After a quick huddle, students in Heather Manchester’s fifth-grade
class at Newport Elementary School on Monday broke away and took up their
positions at one of 12 “learning centers.”
The goal is to engage all the students while Manchester works with
individual reading groups. The idea is to make sure students of all
levels are challenged.
At one side of the classroom, two boys eagerly donned plastic gloves
and grabbed the halved sheep hearts awaiting their examination.
“Why do we have to wear gloves?” groaned Taylor Stevenson, 11.
“You want to touch it? You’re sick,” replied Jeff Cefalia, 10, as he
stuck a gloved finger into a heart.
Educational, fascinating and a tad rank at the same time, students
thoroughly enjoyed the hands on science center.
A bookcase away, three girls wrote poetry and stories as part of the
writing center.
One wrote a poem that started with the word “school” down the
left-hand side of the page and worked off the letters.
Another was writing an intricate fictional spy story.
“I’m writing about bullies and how they should go to seminars so they
won’t be mean to people,” said Brandijo Kistler, 10.
Down and around a grouping of desks, sat a crew assembling Styrofoam
states at the geography center.
The group was building a huge raised map of the United States on the
floor.
One boy sorted labels with the names of all 50 states on them. Another
sat amid a pile of multicolored states trying to determine which was
which by shape. A third sat on the sponge puzzle board and fit the Velcro
states together while a girl, looking at the picture on the puzzles box,
directed the rest.
Still more students sat scattered on the floor, at desks -- even on
counter tops reading books and doing other center activities quietly.

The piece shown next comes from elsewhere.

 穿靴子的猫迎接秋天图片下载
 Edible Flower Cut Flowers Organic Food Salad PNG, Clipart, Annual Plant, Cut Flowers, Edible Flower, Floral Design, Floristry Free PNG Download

Two students played checkers as part of their logic center, while a
couple more played Yatzee, a math activity.
Before I reached the bank of computers to find out what they were
doing, there was a tap on my shoulder.
“We found you online,” Dillan O’Neal, 11, said to me. “We looked you
up on the Web.”
Dillan, who was at the research center, where she could research
anything she chose online, decided to find out a bit about the visitor to
the classroom.
“I read this story by you,” said Ashley Flynn, 10. “Did you write the
whole thing?”
When I came full circle and checked back with the progress of the
science boys -- they had taken off the gloves and were diving in with
relish.
“It feels a lot slimier,” Taylor said.